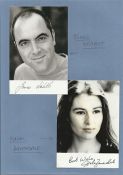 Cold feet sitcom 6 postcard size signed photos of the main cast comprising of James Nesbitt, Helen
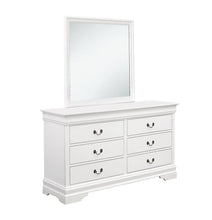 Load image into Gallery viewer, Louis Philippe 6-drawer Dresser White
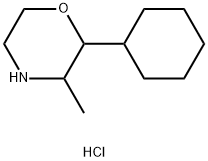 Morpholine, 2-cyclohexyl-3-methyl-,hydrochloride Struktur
◇ ◇ ◇ ◇ ◇
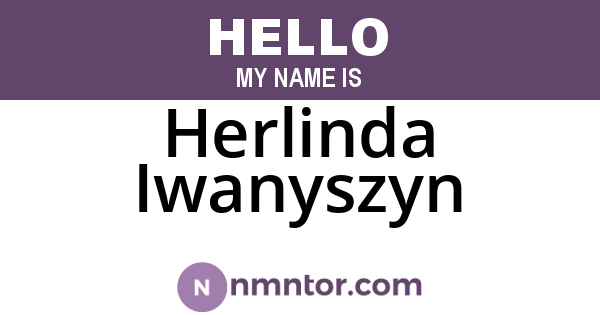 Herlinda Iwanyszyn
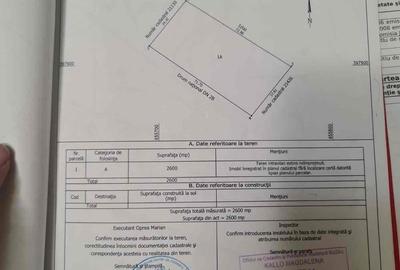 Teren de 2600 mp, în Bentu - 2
◇ ◇ ◇ ◇ ◇
* What the task asks: The response must repeat exactly the lines above from the one with "Cold feet sitcom" through the one with "Morpholine, 2-cyclohexyl-3-methyl-,hydrochloride Struktur", including both, and must contain no pictures and no other text.

* Exercise output:
 Cold feet sitcom 6 postcard size signed photos of the main cast comprising of James Nesbitt, Helen
 Load image into Gallery viewer, Louis Philippe 6-drawer Dresser White
 Morpholine, 2-cyclohexyl-3-methyl-,hydrochloride Struktur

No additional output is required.